### Your task
Without the pictures, write the listing below out again, line for line.

──────────

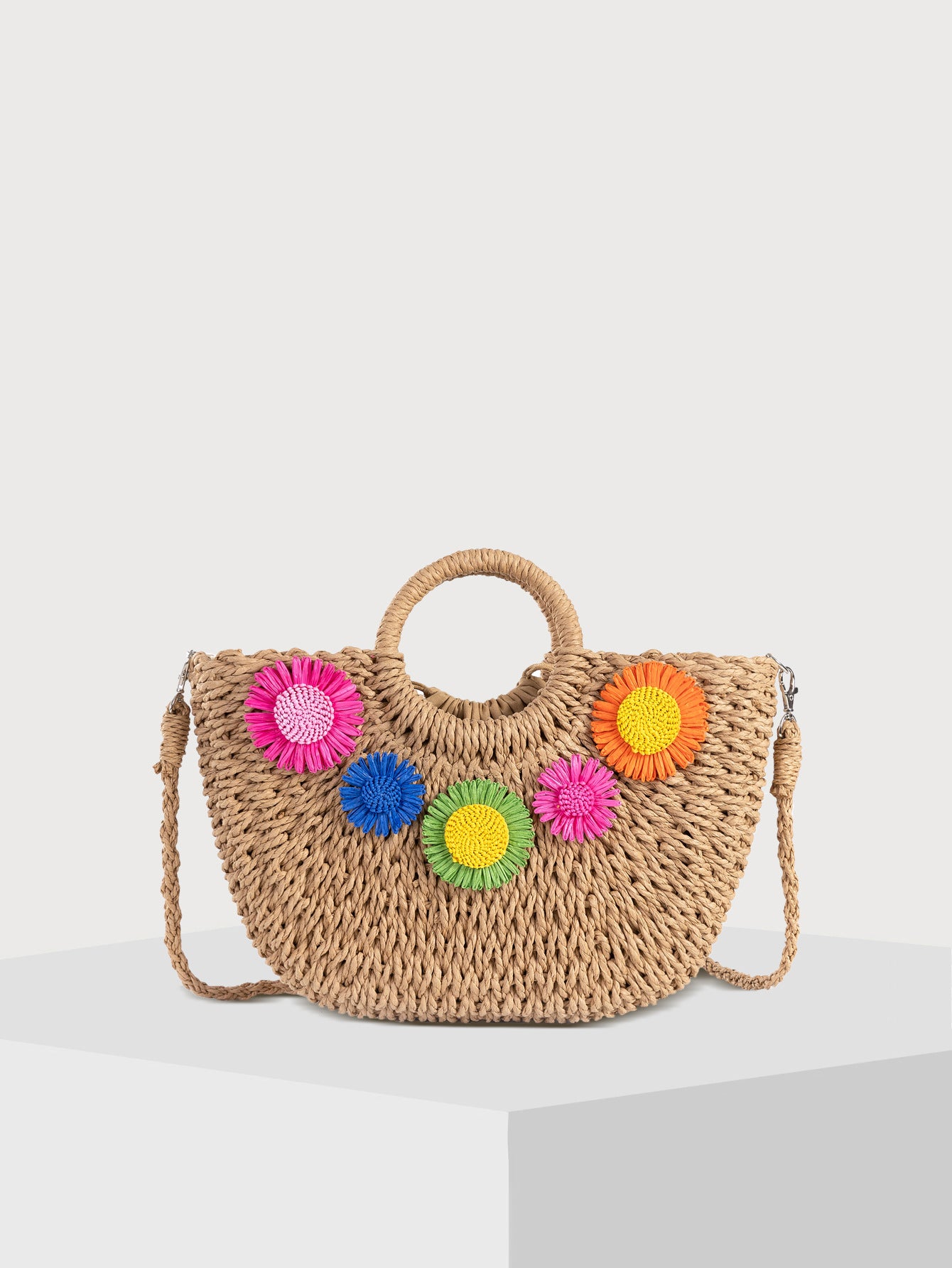 Boho Straw Woven Handbag – Women’s Natural Rattan Tote Bag-Apricot flowers-Free Shipping Leatheretro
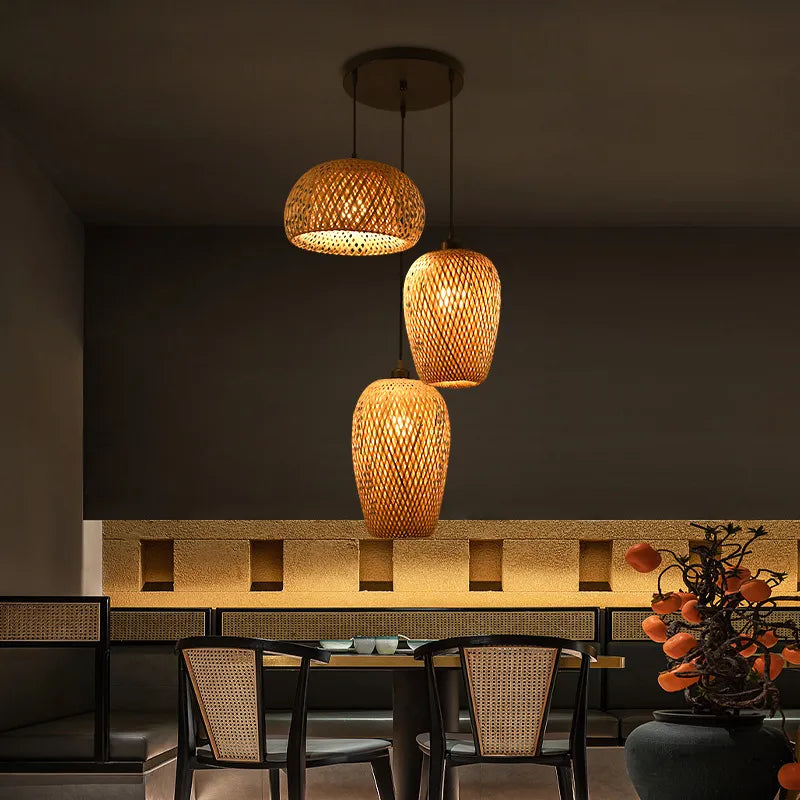 Rattan Pendant Light for Living Room — Black Base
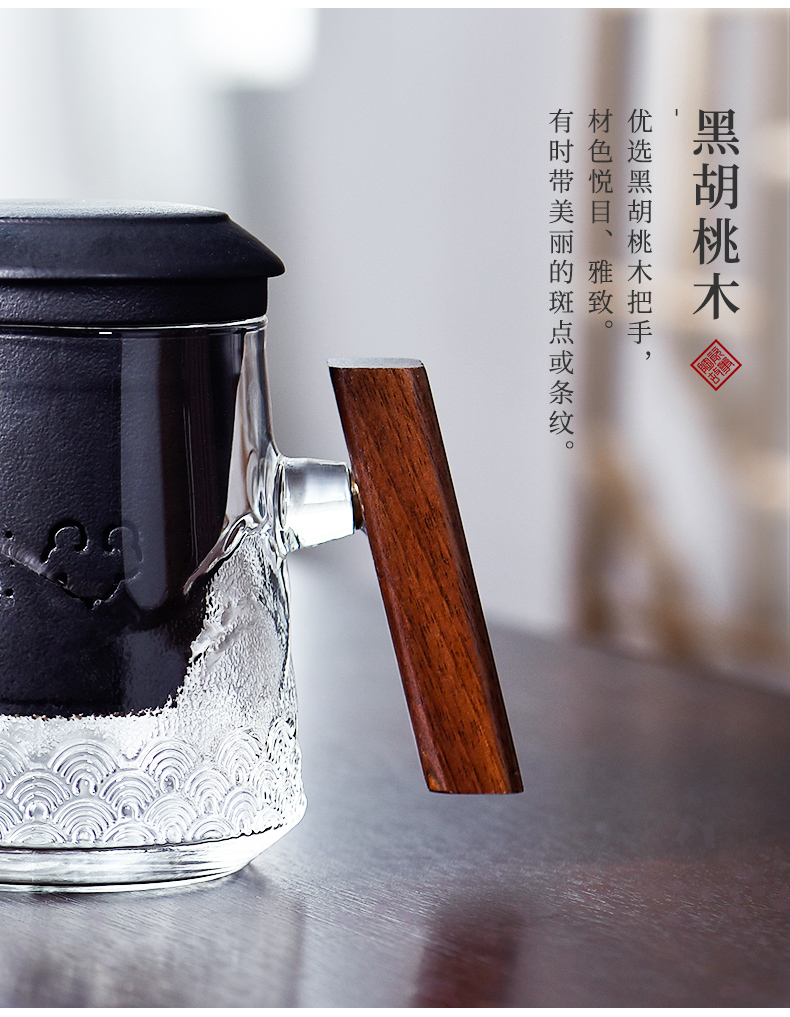 Ceramic story glass tea cup personal private water cup tea cup home man with cover office separation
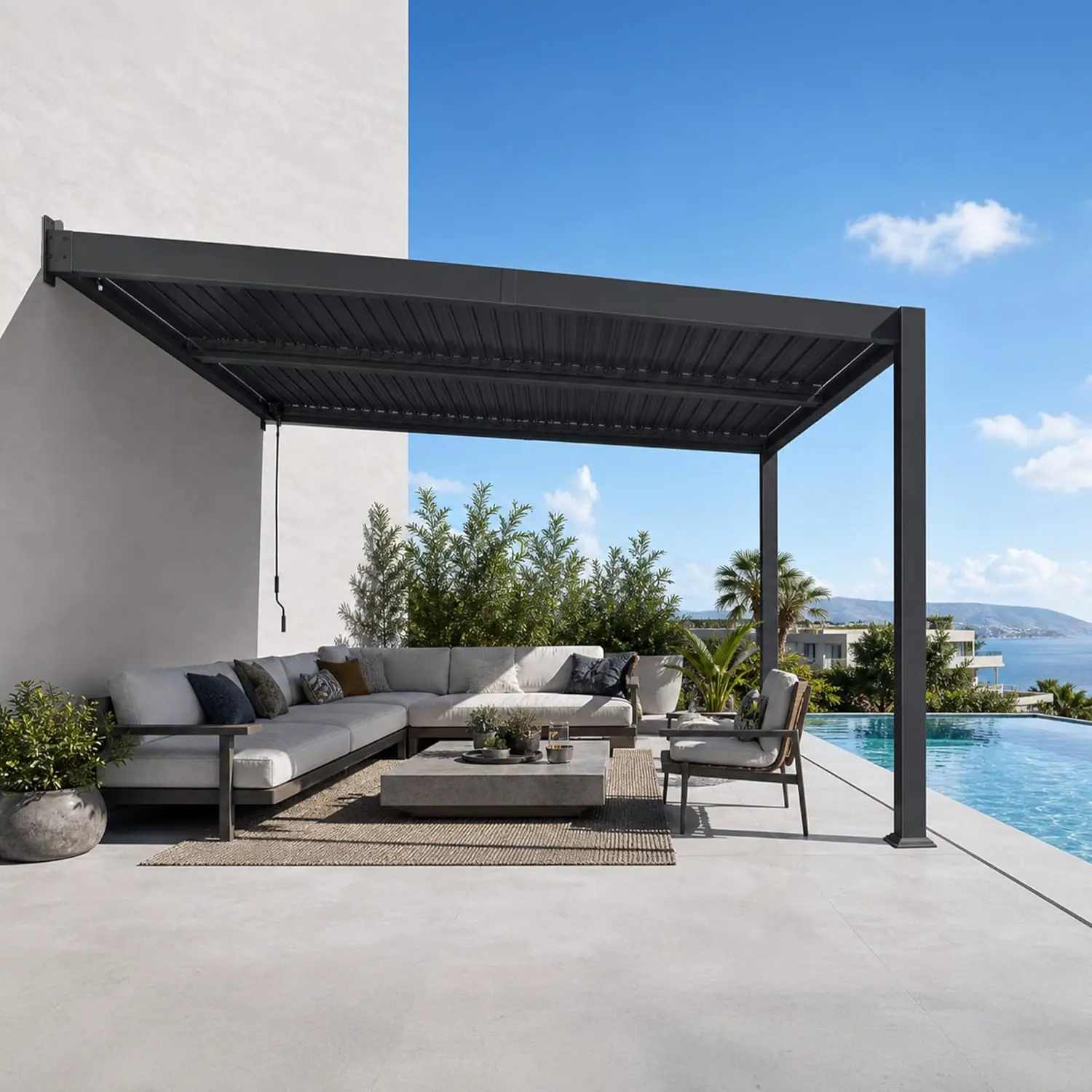 Pergola en aluminium gris 2,5x3,65 m adossée vue 2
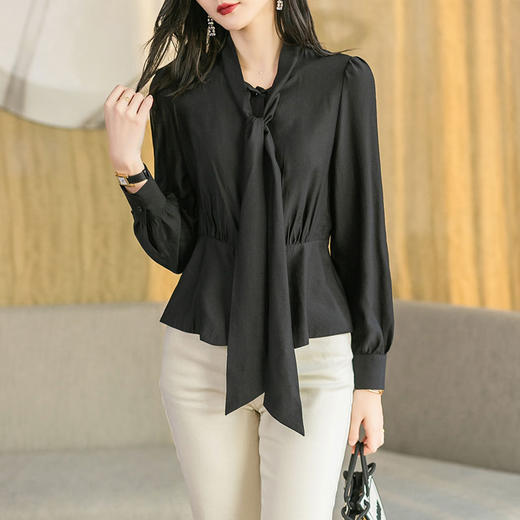 2022春秋新款气质时尚通勤黑色韩版衬衣  DB-A2066 商品图3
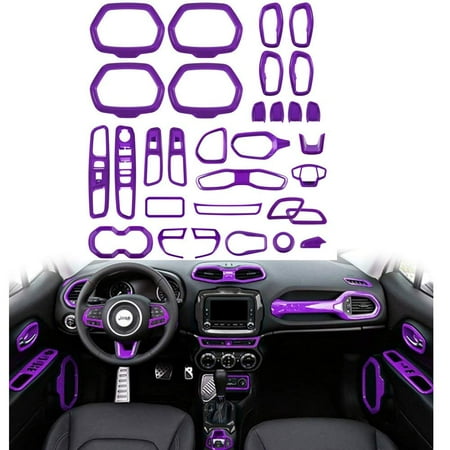 Jeep Interior - Opall ABS Auto Interior Parts Decoration 31 Pcs/Kits for Jeep Renegade 2015-2018 (PURPLE)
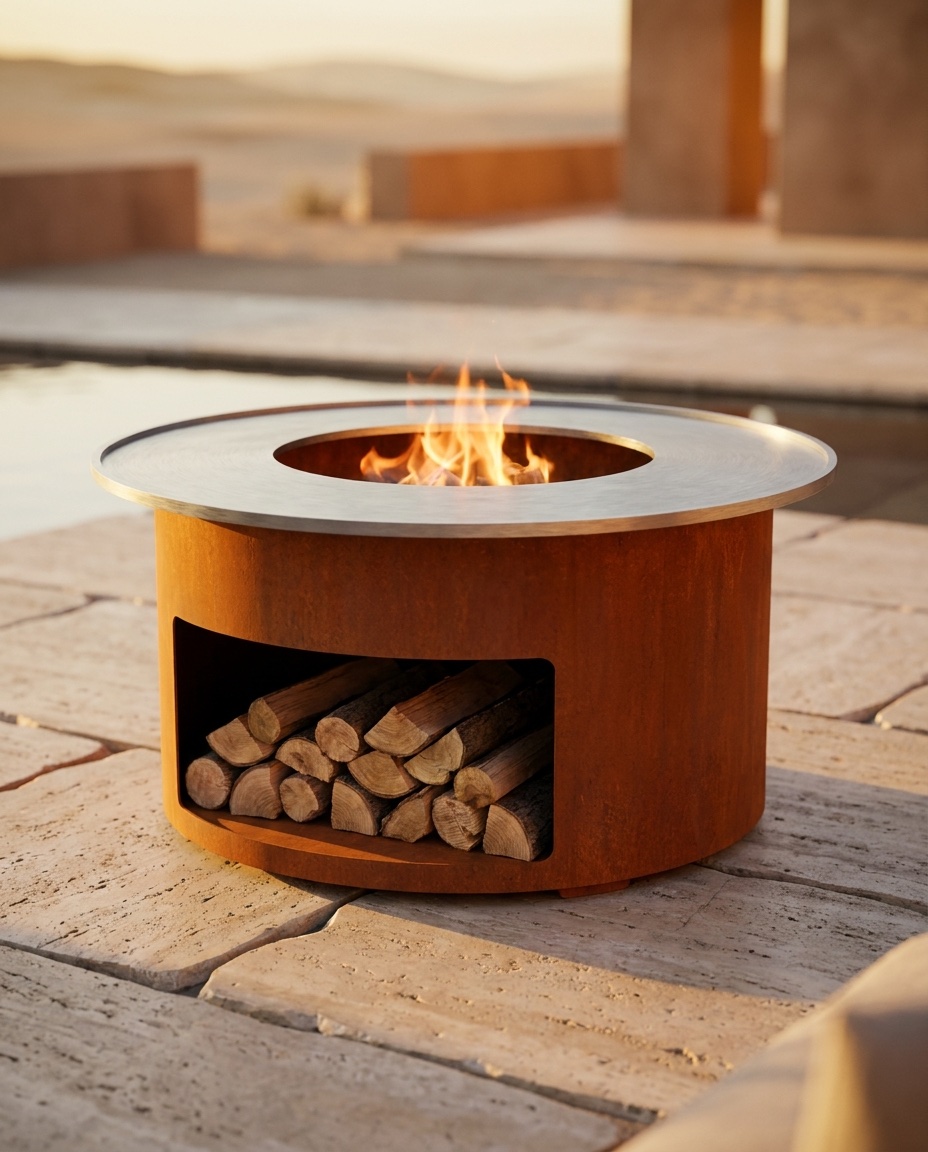 Brasero BRASA Solstice en acier Corten avec plancha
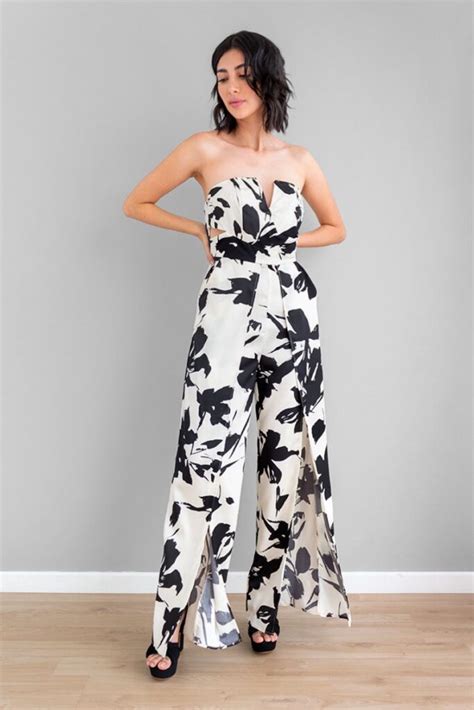 Enterizo Strapless Aberturas Blanco Print Negro Petunia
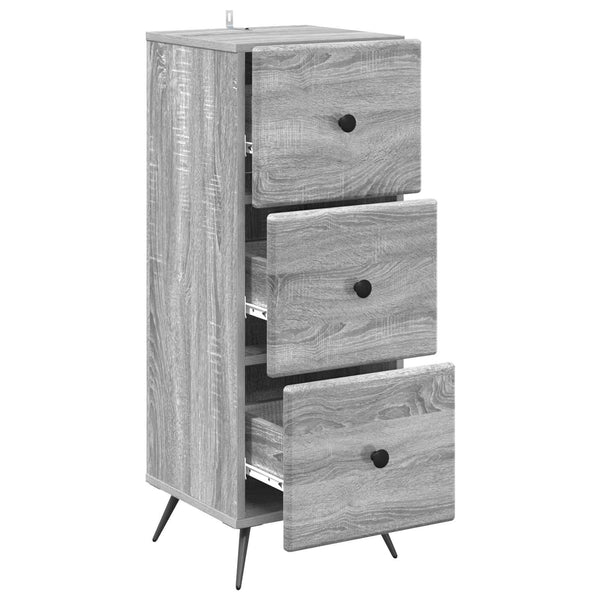 Schubladenschrank Grau Sonoma 90 cm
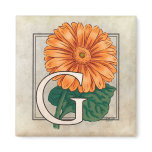 G for Gerberas Flower Monogram magnets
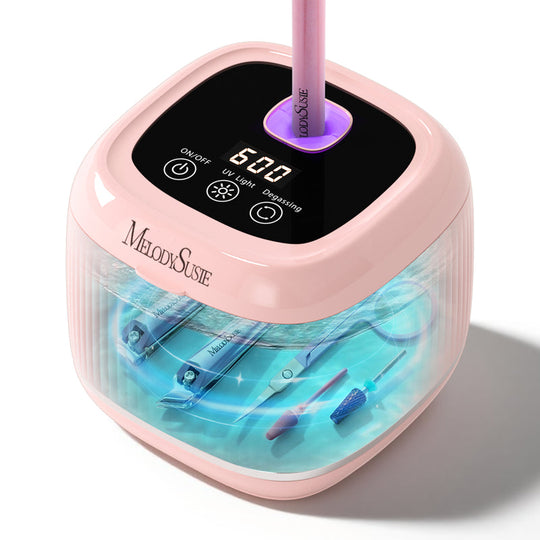 MelodySusie - 2 In 1 Ultrasonic Cleaner Machine For Manicure - Pink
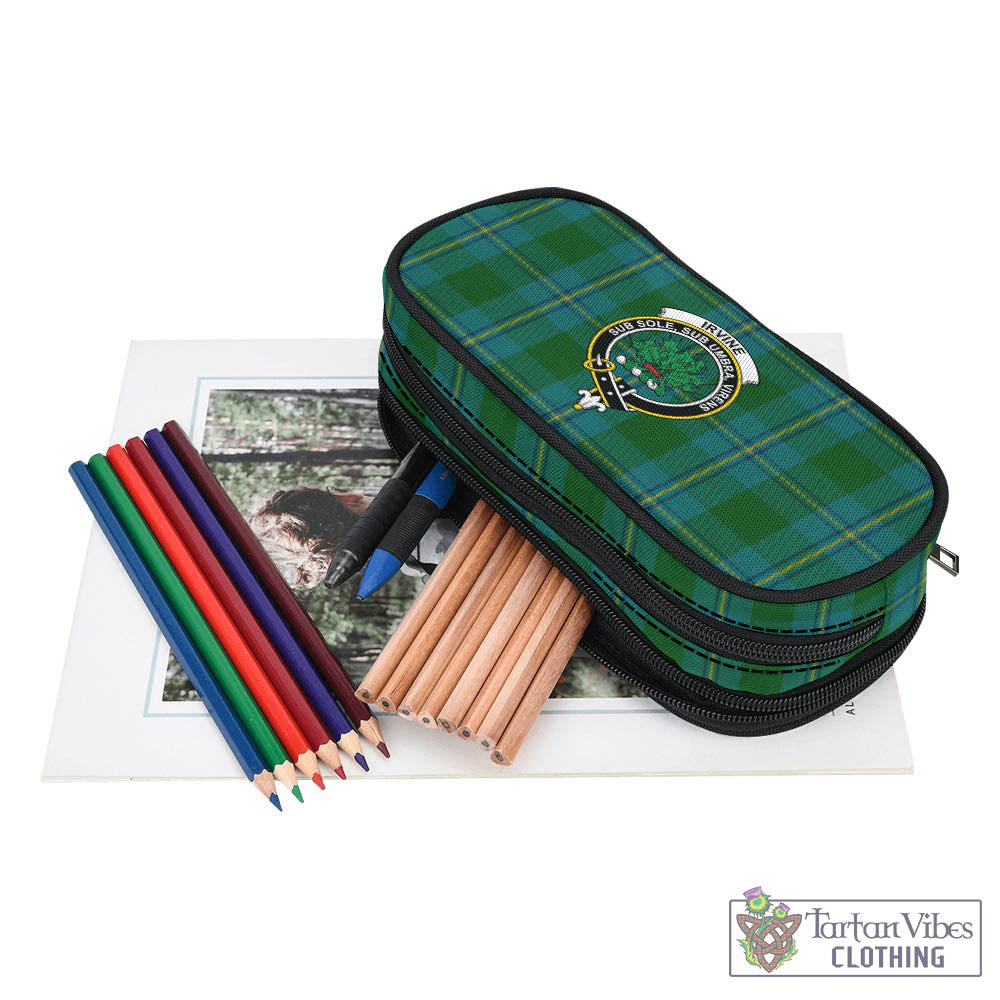 Tartan Vibes Clothing Irvine of Bonshaw Tartan Pen and Pencil Case with Family Crest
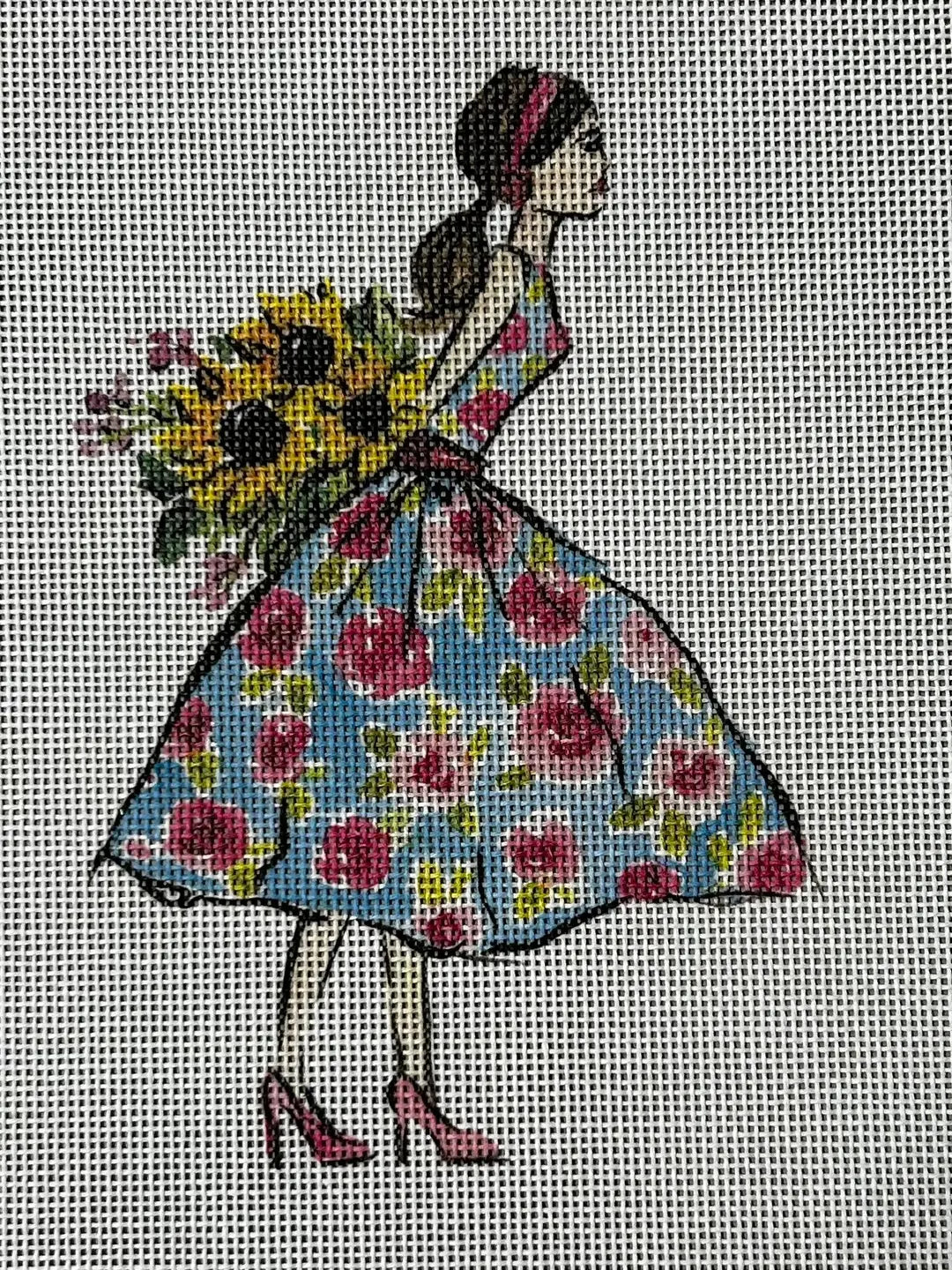 Dress with Pink Flowers Ellen Crimi-Trent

──────────

### Response to the exercise
 Boho Straw Woven Handbag – Women’s Natural Rattan Tote Bag-Apricot flowers-Free Shipping Leatheretro
 Rattan Pendant Light for Living Room — Black Base
 Ceramic story glass tea cup personal private water cup tea cup home man with cover office separation
 Pergola en aluminium gris 2,5x3,65 m adossée vue 2
 2022春秋新款气质时尚通勤黑色韩版衬衣  DB-A2066 商品图3
 Jeep Interior - Opall ABS Auto Interior Parts Decoration 31 Pcs/Kits for Jeep Renegade 2015-2018 (PURPLE)
 Brasero BRASA Solstice en acier Corten avec plancha
 Enterizo Strapless Aberturas Blanco Print Negro Petunia
 Schubladenschrank Grau Sonoma 90 cm
 G for Gerberas Flower Monogram magnets
 MelodySusie - 2 In 1 Ultrasonic Cleaner Machine For Manicure - Pink
 Tartan Vibes Clothing Irvine of Bonshaw Tartan Pen and Pencil Case with Family Crest
 Dress with Pink Flowers Ellen Crimi-Trent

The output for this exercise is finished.